Set every record down again exactly. Do not carry over the pictures.
:: Records for this task ::
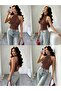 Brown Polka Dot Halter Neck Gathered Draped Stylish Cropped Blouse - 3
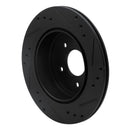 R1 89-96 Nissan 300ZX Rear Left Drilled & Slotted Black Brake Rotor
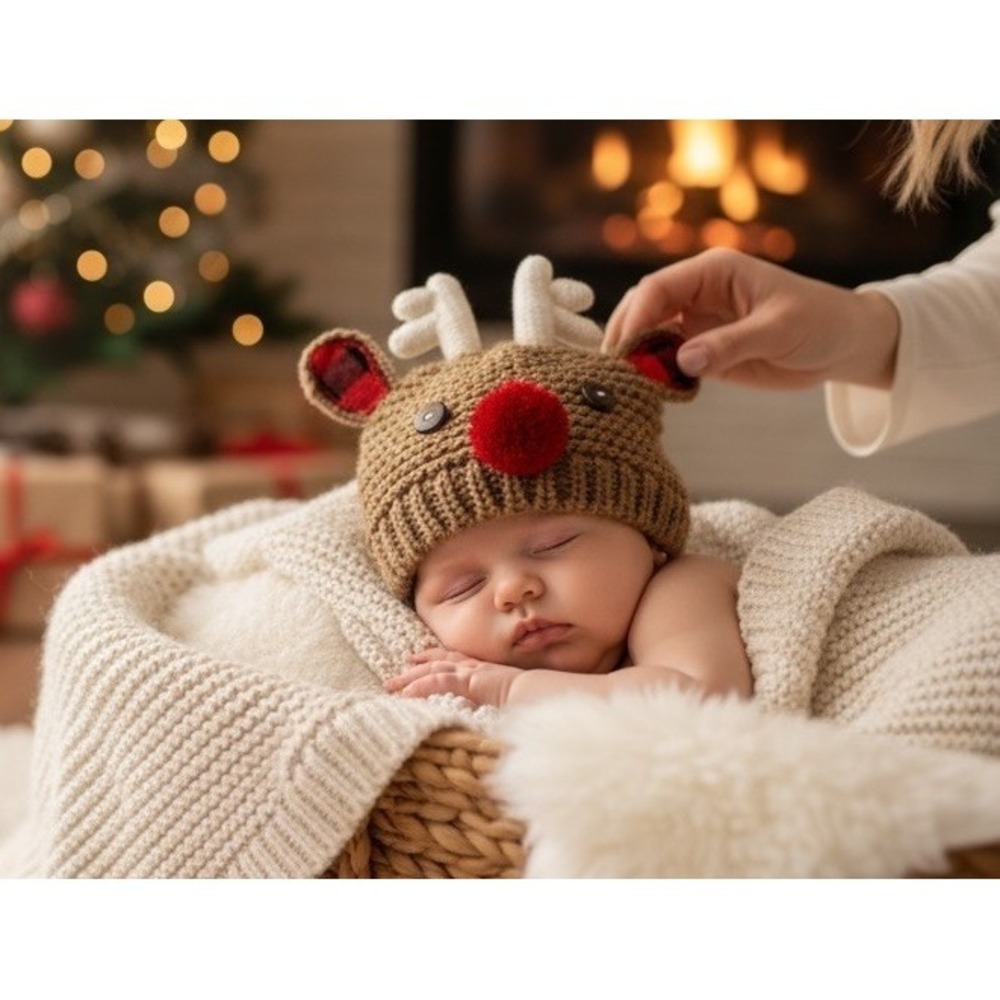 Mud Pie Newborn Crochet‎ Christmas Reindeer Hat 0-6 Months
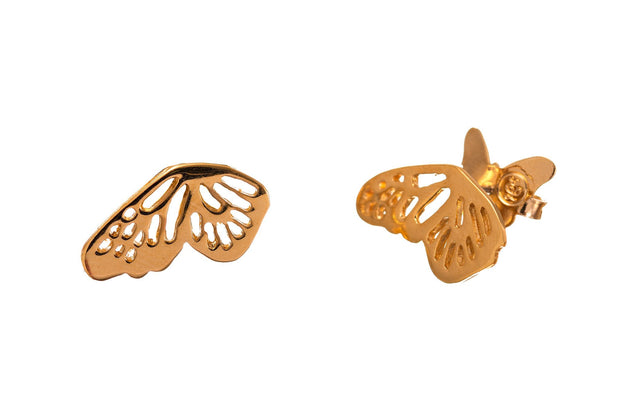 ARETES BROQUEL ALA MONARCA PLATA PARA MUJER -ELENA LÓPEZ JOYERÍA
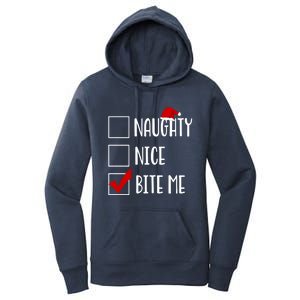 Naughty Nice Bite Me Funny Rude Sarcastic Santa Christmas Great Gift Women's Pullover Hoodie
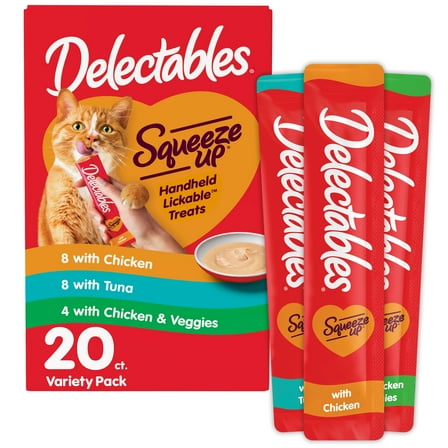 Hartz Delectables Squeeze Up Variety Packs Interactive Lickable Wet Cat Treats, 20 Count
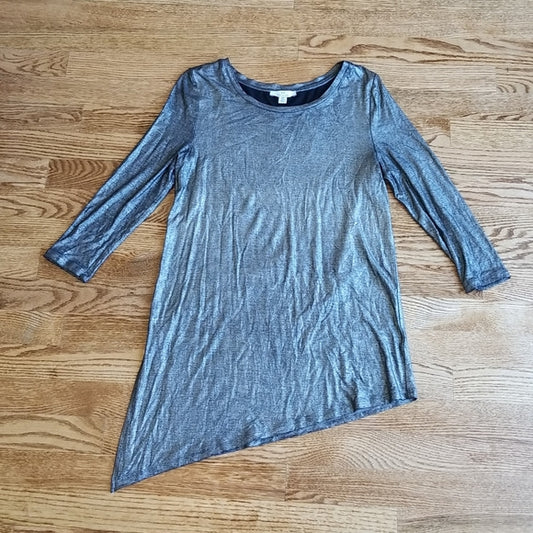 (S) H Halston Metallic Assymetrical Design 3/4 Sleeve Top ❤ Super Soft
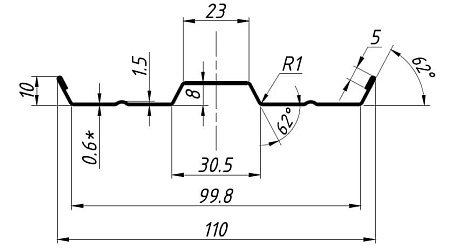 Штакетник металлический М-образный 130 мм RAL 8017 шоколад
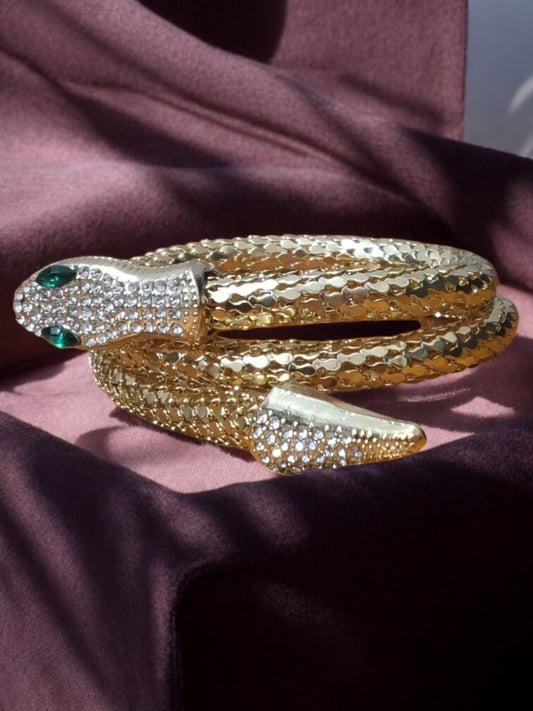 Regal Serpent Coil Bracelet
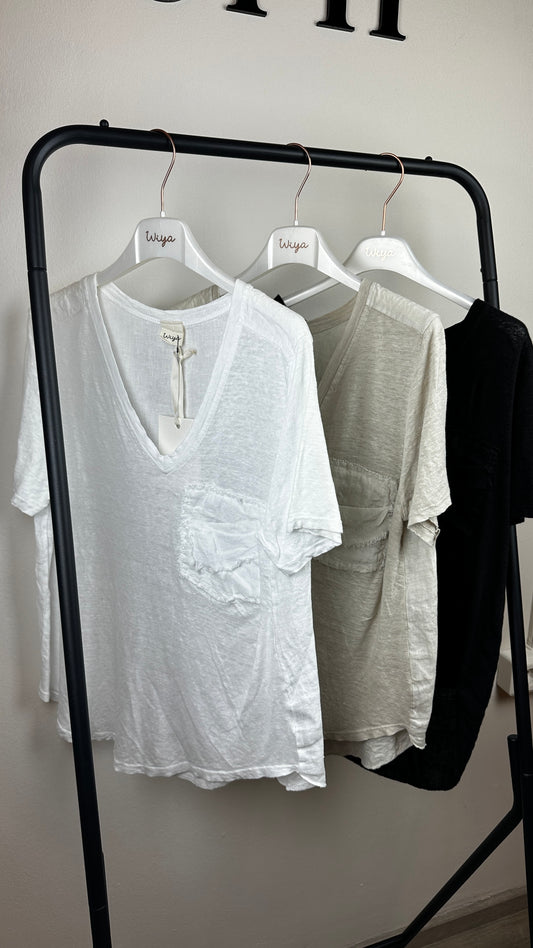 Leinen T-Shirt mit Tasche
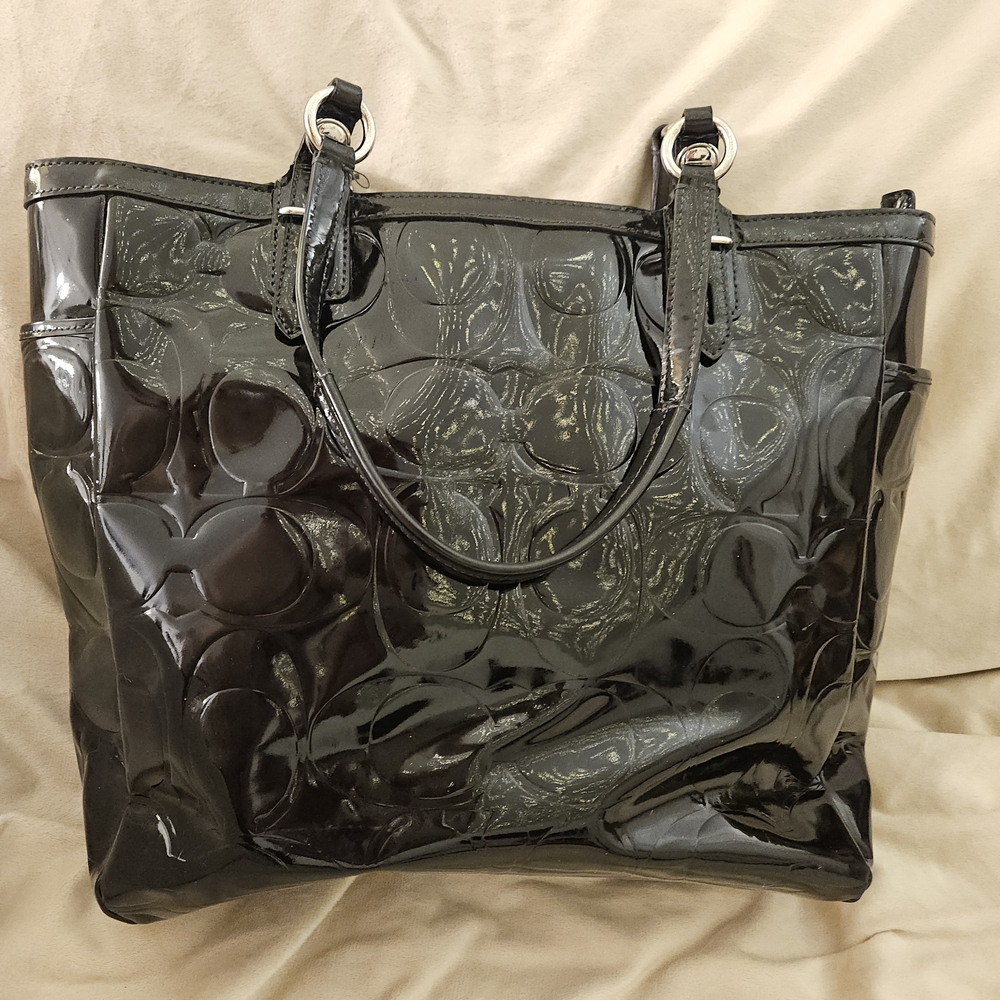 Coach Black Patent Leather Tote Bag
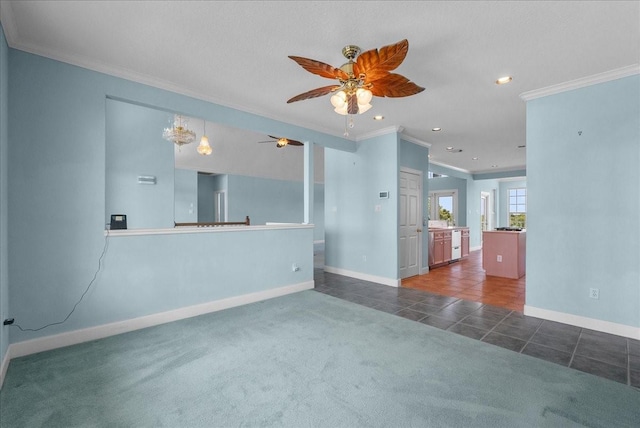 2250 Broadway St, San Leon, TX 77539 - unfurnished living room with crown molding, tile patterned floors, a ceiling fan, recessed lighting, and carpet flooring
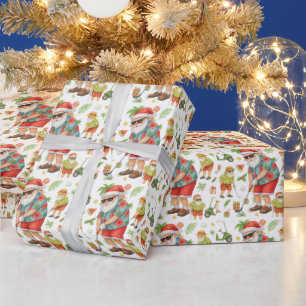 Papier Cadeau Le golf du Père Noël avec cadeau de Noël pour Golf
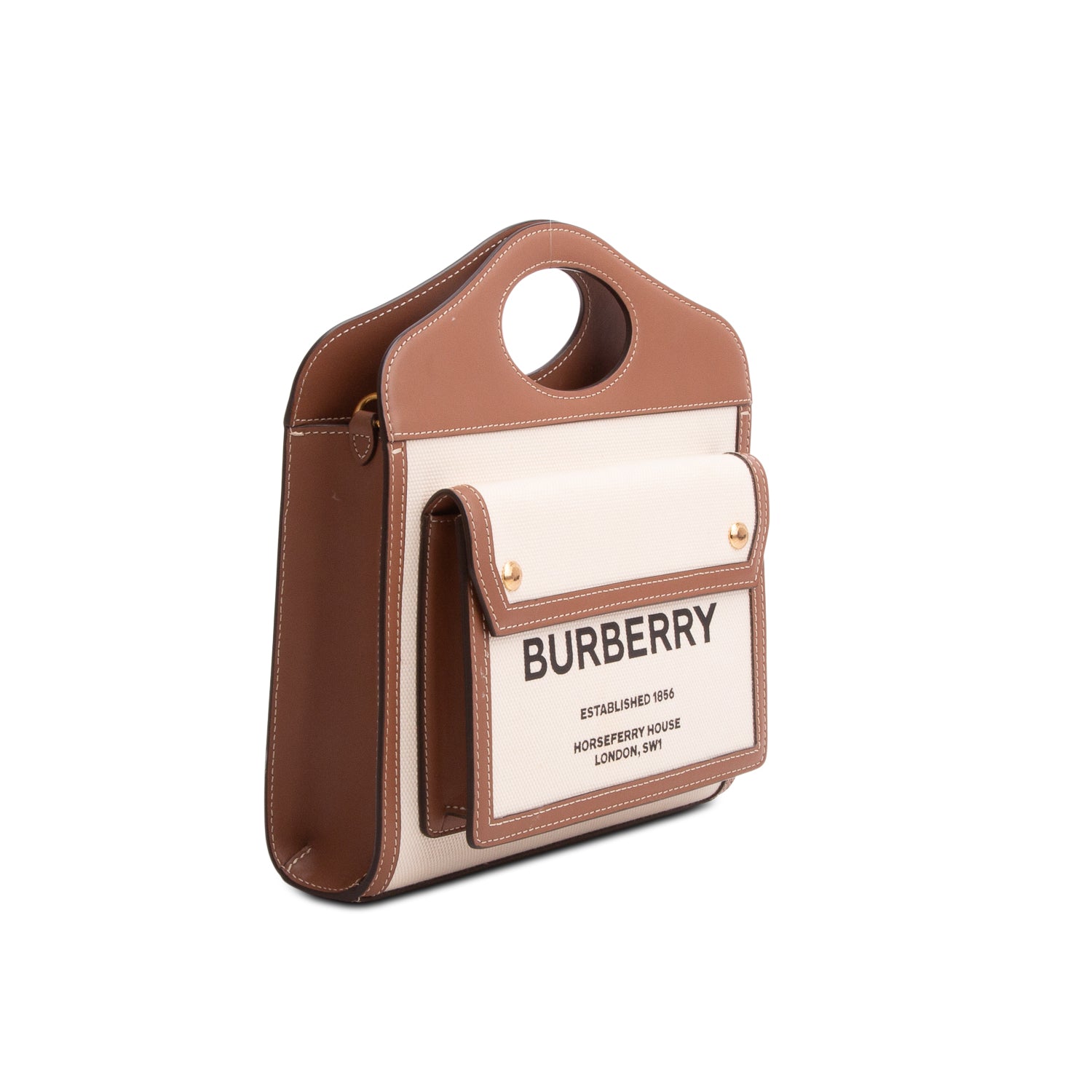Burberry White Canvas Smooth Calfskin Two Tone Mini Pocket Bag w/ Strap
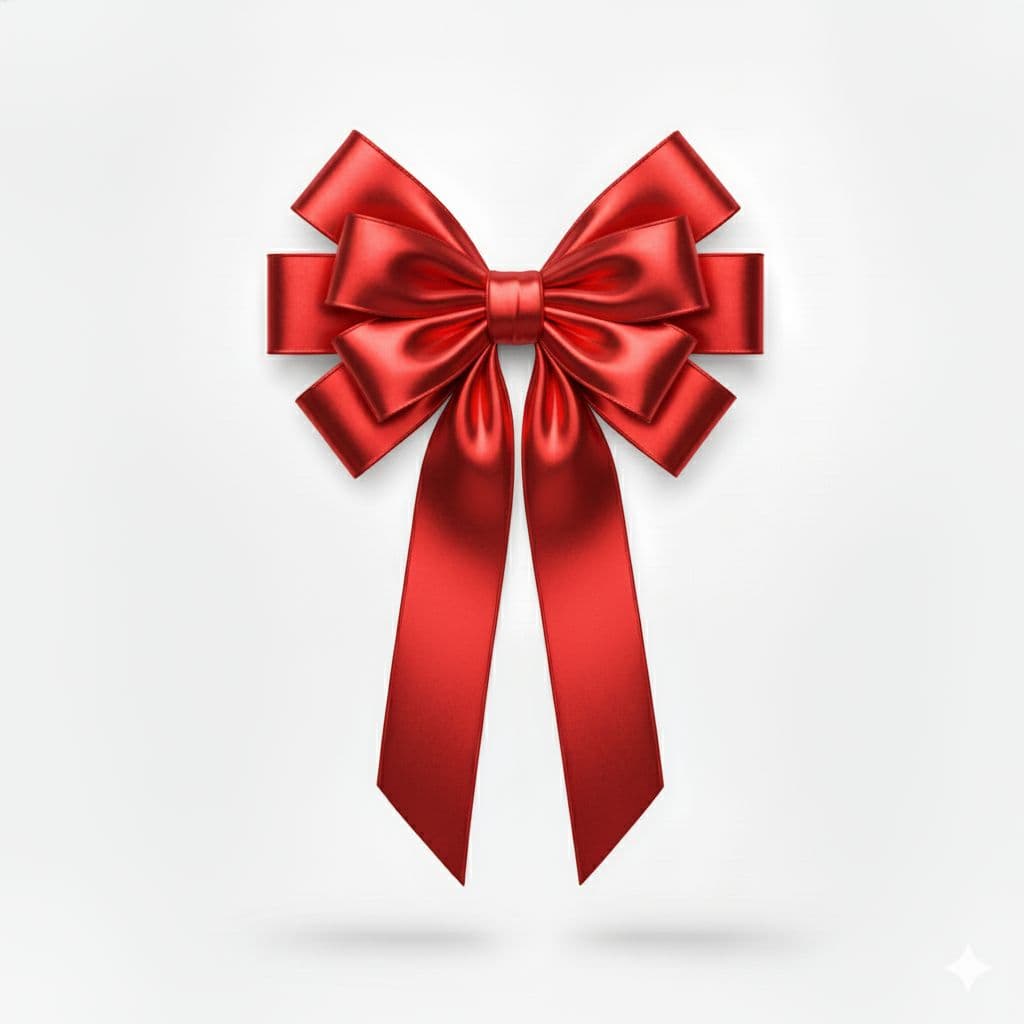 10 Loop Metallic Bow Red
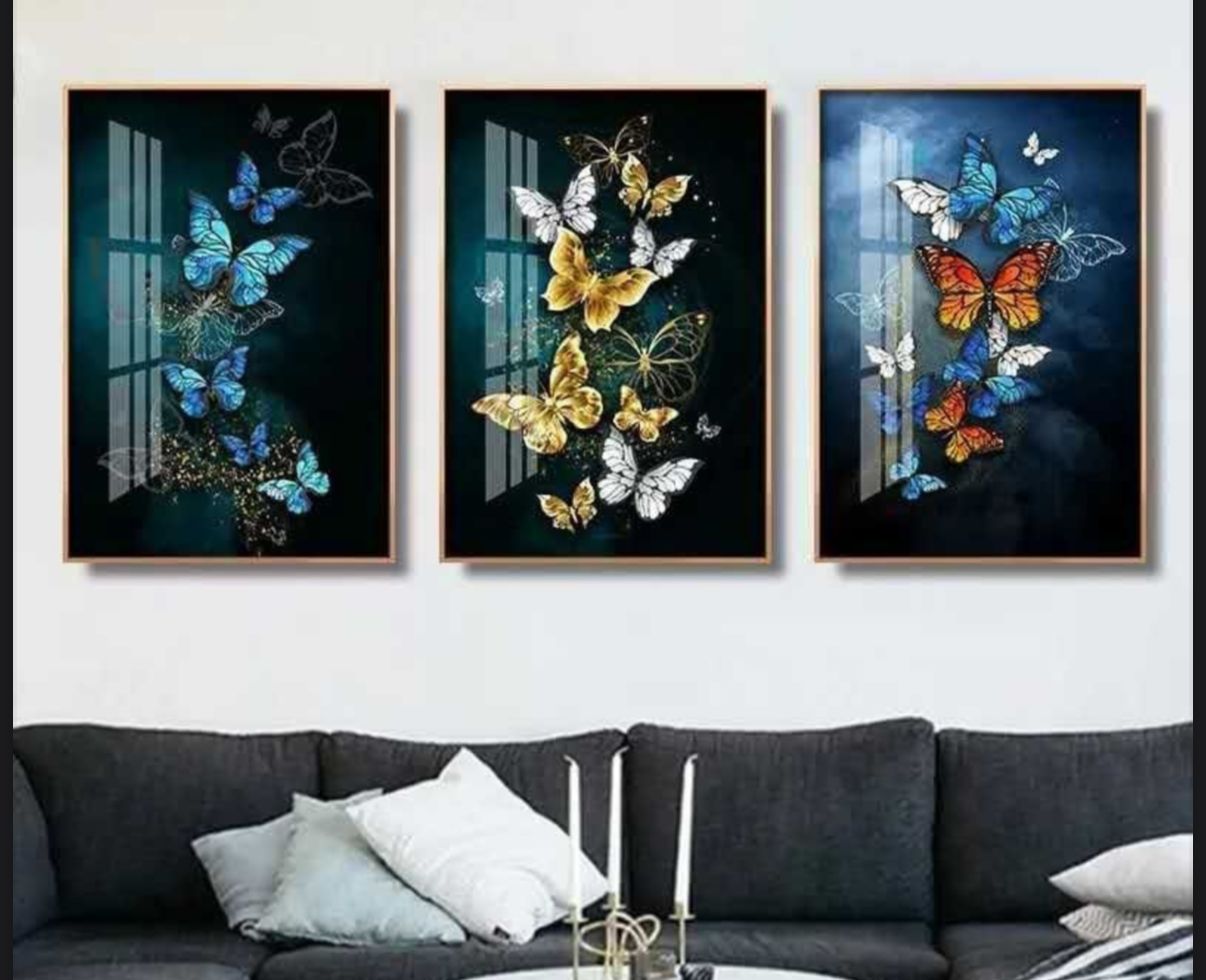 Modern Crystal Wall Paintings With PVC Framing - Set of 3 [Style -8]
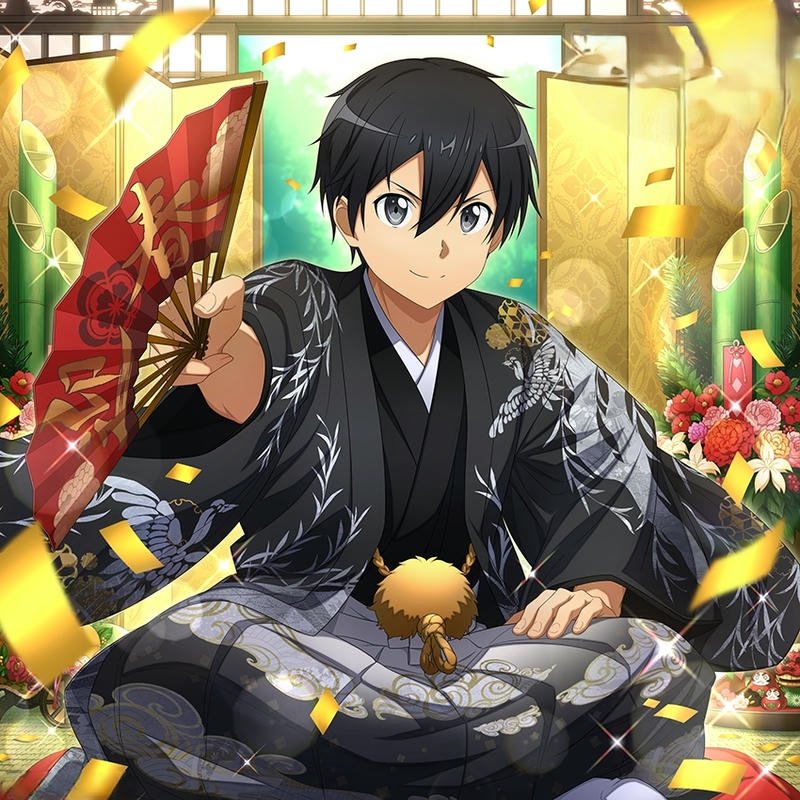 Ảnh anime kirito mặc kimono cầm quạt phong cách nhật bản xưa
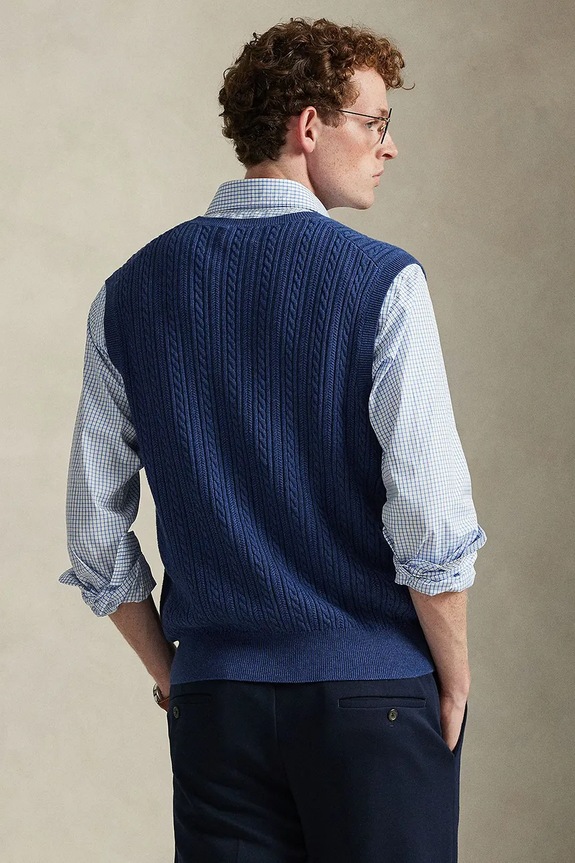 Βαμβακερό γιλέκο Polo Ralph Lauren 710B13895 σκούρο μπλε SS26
:::
### Answer space
 Brown Polka Dot Halter Neck Gathered Draped Stylish Cropped Blouse - 3
 R1 89-96 Nissan 300ZX Rear Left Drilled & Slotted Black Brake Rotor
 Mud Pie Newborn Crochet‎ Christmas Reindeer Hat 0-6 Months
 ARETES BROQUEL ALA MONARCA PLATA PARA MUJER -ELENA LÓPEZ JOYERÍA
 Naughty Nice Bite Me Funny Rude Sarcastic Santa Christmas Great Gift Women's Pullover Hoodie
 Hartz Delectables Squeeze Up Variety Packs Interactive Lickable Wet Cat Treats, 20 Count
 (S) H Halston Metallic Assymetrical Design 3/4 Sleeve Top ❤ Super Soft
 Штакетник металлический М-образный 130 мм RAL 8017 шоколад
 Regal Serpent Coil Bracelet
 Leinen T-Shirt mit Tasche
 Coach Black Patent Leather Tote Bag
 2250 Broadway St, San Leon, TX 77539 - unfurnished living room with crown molding, tile patterned floors, a ceiling fan, recessed lighting, and carpet flooring
 Papier Cadeau Le golf du Père Noël avec cadeau de Noël pour Golf
Burberry White Canvas Smooth Calfskin Two Tone Mini Pocket Bag w/ Strap
 10 Loop Metallic Bow Red
 Modern Crystal Wall Paintings With PVC Framing - Set of 3 [Style -8]
 Ảnh anime kirito mặc kimono cầm quạt phong cách nhật bản xưa
 Βαμβακερό γιλέκο Polo Ralph Lauren 710B13895 σκούρο μπλε SS26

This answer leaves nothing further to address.